Congress in 1994 gave the Fed authority to curb excesses and abuses in the nonbank mortgage lending sector. But the Fed failed to intervene a few years ago when lenders began offering zero-down payment mortgages with super-low "teaser" rates and "no-doc" applications under which people could qualify for loans without proving they had the income to support them.
The easy terms fueled speculation and encouraged people to stretch for mortgages they couldn't afford, thinking they could refinance later when home prices inevitably rose. As such dubious loans got packaged into securities that were eagerly snapped up here and abroad, the stage was set for a crisis.
All it would take was a drop in housing prices or a rise in interest rates -- and both things happened.
In Frank's view, the Greenspan Fed refused to rein in irresponsible lending because of its chairman's belief that markets correct their own problems more effectively than regulators can.
Greenspan, a longtime devotee of free-markets guru Ayn Rand, hasn't backed off that position an inch.
In a back-and-forth with critics -- most of them economists -- on the Financial Times website this week, Greenspan said bank regulators know less about the markets they patrol than do bank risk managers and loan officers.
Far from anticipating problems, Greenspan said, regulators tend to keep fighting the last war.
"Most regulatory activity focuses on activities that precipitated previous crises and that investors have long since largely abandoned," he wrote, acknowledging that "new laws may prevent recurrences."
Greenspan's critics also fault him for keeping interest rates too low for too long after the brief recession of 2001. The Fed brought short-term rates down to 1% in 2003 and didn't reverse course until the following year. The loose-money regime encouraged reckless lending, critics contend.
Money became so cheap that it was easier for borrowers to keep up with their payments, said banker Charles R. Morris, author of "The Trillion Dollar Meltdown."
The resulting drop in default rates temporarily made risky assets look safer than they were, Morris said, causing many investors to plunge into securities they normally would have shied away from.
When the crash finally came, it was far broader than it otherwise might have been.
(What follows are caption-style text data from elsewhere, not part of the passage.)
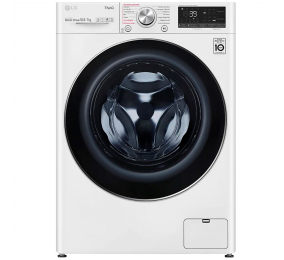 Máquina de Lavar e Secar Roupa LG F4DV7010S2W 10.5/7kg 1400RPM E Branca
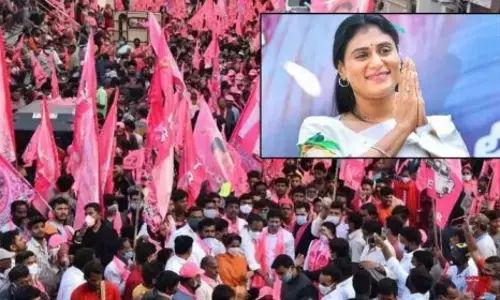 బీఆర్ఎస్‌కు షర్మిల పాపం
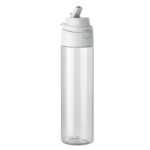 Trinkflasche RPET 700ml Weiß, Rückansicht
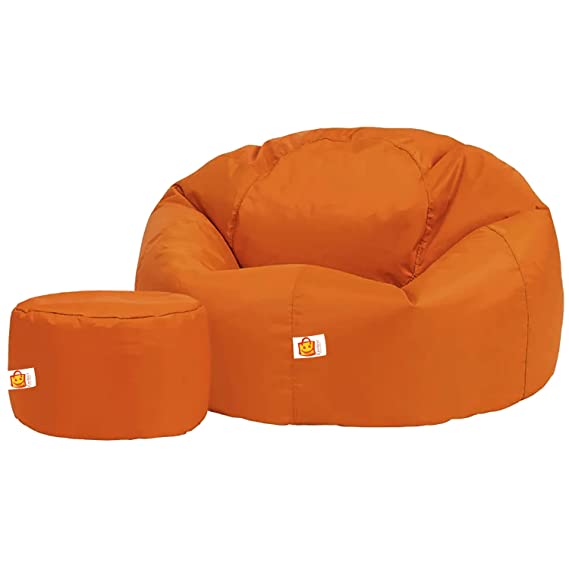 Kushuvi Bean Bag Chair & Footrest (With Beans)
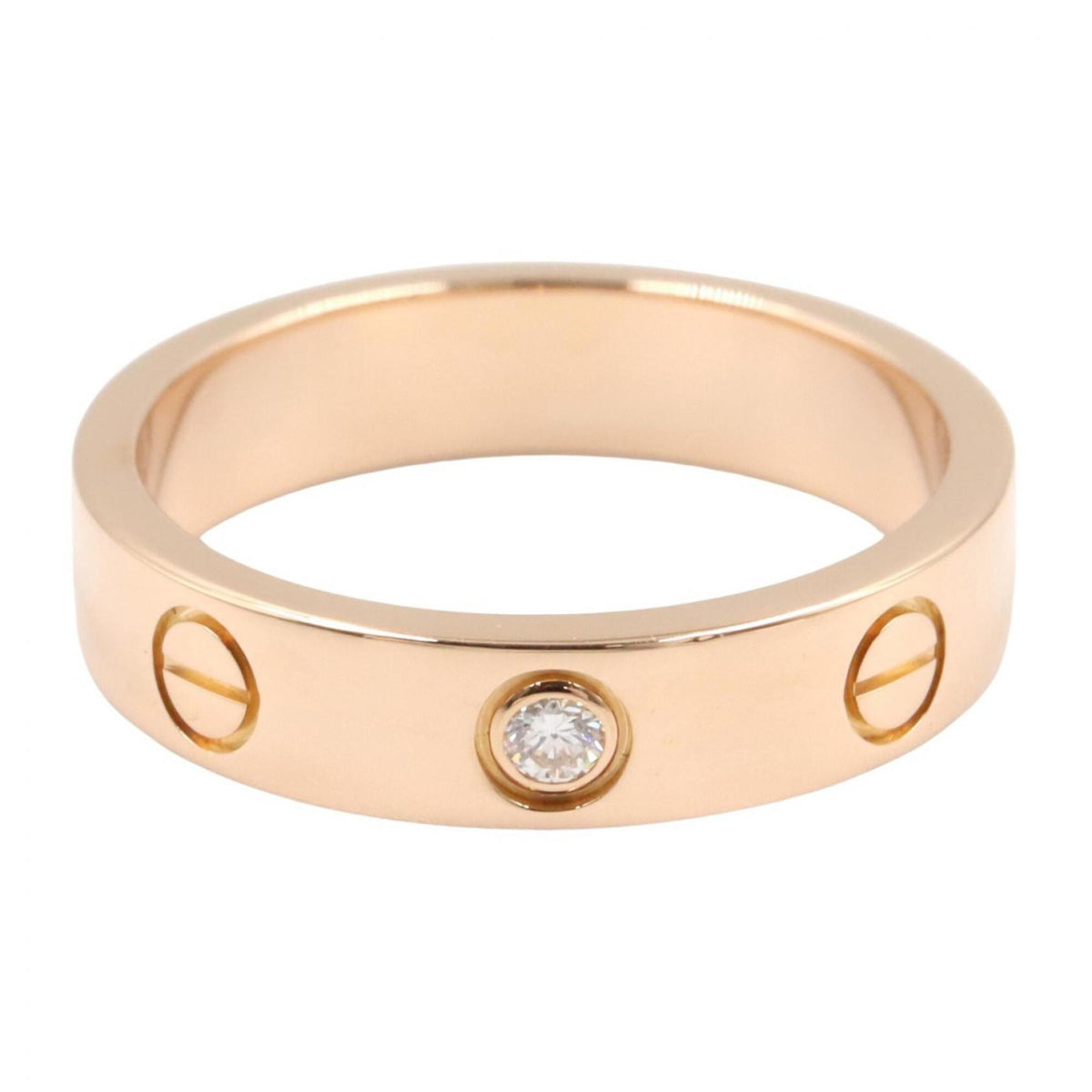 Cartier Gold Clear Pink Gold (18K) Band Ring (Pre-Owned)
For example, banks in Europe nearly got knocked over by investments related to U.S. mortgages.
Billionaire financier George Soros, who has a new book out on the financial crisis, said in an interview that Greenspan was "definitely responsible for the housing bubble" both because of the sustained low rates and the Fed's failure to issue stricter mortgage-lending rules.
Greenspan has countered the loose-money critique by noting that housing bubbles emerged in more than a dozen developed nations during the same period and with about the same characteristics as in the United States.
If the Fed inflated the U.S. bubble, he has asked, how did the divergent policies of overseas central banks all produce a similar result in their own countries? It is more likely, Greenspan has said, that the bubble resulted from a historically long period of low interest rates -- determined not by regulators, but by global markets.
In the CNBC interview, Greenspan endorsed the use of taxpayer dollars to help ease the mortgage mess. He envisioned a vehicle like Resolution Trust Corp., which was created to liquidate mortgages and real estate assets in the aftermath of the 1980s savings and loan crisis.
He also said it made sense for the government to intervene last month to prevent brokerage Bears Stearns Cos. from collapsing.
Such views are at odds with the sink-or-swim philosophy of the most extreme free-market adherents.
Morris noted the discrepancy. Greenspan, he said, believes that "asset prices are determined in highly sophisticated markets, and the government has no business interfering. Except when asset prices go down, and the government has to step in and set a floor."